For Spring 2026, I have added attention to new topics that improve both efficiency of analysis workflows and our ability to understand causality at a deeper level. Specifically, I have chosen to add course components on:
- Using large-language models (LLMs) –via ChatGPT– to improve analytical workflows. This term, I have integrated ChatGPT into the course as a way to support the process of analysis rather than to automate the analysis itself. Many of the hardest parts of quantitative work happen outside of writing code: figuring out why R code isn’t behaving as expected, checking whether an interpretation actually follows from a model, troubleshooting an obscure error message, or getting feedback on how tp clearly document a decision. Used carefully, ChatGPT can act like a sounding board for troubleshooting, sanity-checking, and refining explanations without taking over your critical thinking. Throughout the course, I have deliberately constrained ChatGPT’s role and scope and have tailored its guardrails to match the course progression. In other words, ChatGPT is used to help improve analytical workflow and decision-making, not to generate results or write code on a student’s behalf. We will work together to assess the utility of this tool as the term advances.

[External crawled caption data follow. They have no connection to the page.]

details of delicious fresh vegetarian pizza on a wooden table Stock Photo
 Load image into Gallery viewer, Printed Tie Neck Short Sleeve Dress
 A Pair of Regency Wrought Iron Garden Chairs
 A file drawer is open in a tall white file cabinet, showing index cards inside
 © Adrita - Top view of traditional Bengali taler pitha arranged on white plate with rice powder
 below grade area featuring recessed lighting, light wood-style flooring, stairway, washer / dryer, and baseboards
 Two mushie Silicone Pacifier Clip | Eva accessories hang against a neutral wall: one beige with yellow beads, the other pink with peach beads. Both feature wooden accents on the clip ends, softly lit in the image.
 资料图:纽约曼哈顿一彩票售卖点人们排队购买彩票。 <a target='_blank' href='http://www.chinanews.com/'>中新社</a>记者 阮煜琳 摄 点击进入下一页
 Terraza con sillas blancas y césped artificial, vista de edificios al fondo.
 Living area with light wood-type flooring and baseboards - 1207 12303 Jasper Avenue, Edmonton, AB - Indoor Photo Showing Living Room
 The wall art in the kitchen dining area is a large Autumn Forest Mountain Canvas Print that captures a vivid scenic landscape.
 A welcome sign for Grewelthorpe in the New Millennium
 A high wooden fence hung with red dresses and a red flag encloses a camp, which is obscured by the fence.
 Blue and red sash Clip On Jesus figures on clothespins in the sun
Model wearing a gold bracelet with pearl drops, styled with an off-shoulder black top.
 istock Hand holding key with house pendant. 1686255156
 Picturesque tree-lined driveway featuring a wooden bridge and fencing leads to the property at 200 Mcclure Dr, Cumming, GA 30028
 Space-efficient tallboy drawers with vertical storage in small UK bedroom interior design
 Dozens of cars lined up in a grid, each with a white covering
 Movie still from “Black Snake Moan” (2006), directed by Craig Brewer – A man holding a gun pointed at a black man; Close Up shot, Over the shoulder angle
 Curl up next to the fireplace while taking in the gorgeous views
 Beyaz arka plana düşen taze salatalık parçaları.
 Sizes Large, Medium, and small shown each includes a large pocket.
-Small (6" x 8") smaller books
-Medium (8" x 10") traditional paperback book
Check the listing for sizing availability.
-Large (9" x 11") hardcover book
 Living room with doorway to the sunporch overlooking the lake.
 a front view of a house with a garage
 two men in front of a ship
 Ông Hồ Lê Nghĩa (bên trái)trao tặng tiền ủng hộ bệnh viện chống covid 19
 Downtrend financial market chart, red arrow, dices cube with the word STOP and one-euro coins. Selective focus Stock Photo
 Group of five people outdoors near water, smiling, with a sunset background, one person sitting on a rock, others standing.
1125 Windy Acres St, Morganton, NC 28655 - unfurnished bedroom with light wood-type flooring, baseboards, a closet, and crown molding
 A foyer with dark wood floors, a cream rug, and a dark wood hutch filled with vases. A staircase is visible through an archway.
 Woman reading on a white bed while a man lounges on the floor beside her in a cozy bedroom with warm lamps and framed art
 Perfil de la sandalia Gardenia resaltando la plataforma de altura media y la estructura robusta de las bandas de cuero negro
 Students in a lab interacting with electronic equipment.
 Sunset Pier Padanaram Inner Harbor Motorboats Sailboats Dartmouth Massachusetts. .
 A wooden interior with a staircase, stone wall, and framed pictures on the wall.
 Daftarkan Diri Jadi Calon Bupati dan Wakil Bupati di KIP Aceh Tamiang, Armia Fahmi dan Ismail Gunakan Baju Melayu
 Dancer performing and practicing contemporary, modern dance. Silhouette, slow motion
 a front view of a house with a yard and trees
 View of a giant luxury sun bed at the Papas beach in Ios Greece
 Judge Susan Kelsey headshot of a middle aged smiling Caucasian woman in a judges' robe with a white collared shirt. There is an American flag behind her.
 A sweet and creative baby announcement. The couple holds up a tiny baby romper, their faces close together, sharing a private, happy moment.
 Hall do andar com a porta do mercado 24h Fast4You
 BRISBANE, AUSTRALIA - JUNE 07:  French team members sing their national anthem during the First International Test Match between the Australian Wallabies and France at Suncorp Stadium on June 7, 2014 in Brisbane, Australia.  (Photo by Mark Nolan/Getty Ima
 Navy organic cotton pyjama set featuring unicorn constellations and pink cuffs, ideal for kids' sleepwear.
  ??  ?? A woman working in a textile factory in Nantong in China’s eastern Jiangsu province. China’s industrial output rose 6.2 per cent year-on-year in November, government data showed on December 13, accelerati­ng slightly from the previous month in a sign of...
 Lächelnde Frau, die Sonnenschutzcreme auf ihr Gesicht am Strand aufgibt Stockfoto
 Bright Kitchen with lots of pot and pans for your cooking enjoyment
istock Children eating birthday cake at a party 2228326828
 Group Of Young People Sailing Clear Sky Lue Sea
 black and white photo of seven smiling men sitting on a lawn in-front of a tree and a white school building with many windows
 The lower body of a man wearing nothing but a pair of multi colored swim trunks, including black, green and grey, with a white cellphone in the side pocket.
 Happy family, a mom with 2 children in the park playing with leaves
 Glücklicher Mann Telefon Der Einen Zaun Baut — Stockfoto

- Using large-language models (LLMs) to improve teaching at scale. What does this mean? In past terms, between 10-15 students have been enrolled in this course. This term, I have allowed 26 students to enroll. Without a Teaching Assistant, this spawns a significant issue of scale. This is solvable if we use AI as a helpful tool. So, after spending some time as an LLM-consultant and tester, I decided to explicitly integrate chatGPT’s LLMs into my teaching/grading workflow. This means that students will use a custom GPT that I created specifically for ZOO/ECOL-5500 called JackalopeGPT (using ChatGPT) to run checks on their work prior to submission; this will solve some of the “tuning” issues (with codes, grammar, clarity, etc.) that I have seen in student submissions in previous years.
Structural Causal Models (SCMs) I added Structural Causal Models (SCMs) at the end of the course to give us a way to think more clearly about complex systems where multiple variables influence each other at the same time. In the first part of the course, students will see the limits of fitting separate models (e.g. GLMs, GLMMs, GAMMs) for singular response variables; those models can work individually, but they often miss shared drivers, indirect effects, or how pieces of the complex system of exogenous and endogenous factors fit together. SCMs give us a way to lay out those relationships explicitly and analyze them as a connected structure (as is present in natural systems) rather than as a collection of isolated models. The goal isn’t to replace the modeling approaches we’ve already used but to improve inference by making our assumptions about the system clear and coherent.
Jackalopes! This course corrects a long-standing perspective that (1) jackalopes had deer-like antlers (Fig. 1), and (2) there was only a single species of jackalopes (Fig. 2). We will use the newly discovered cryptid ecosystem for course exercises and examples.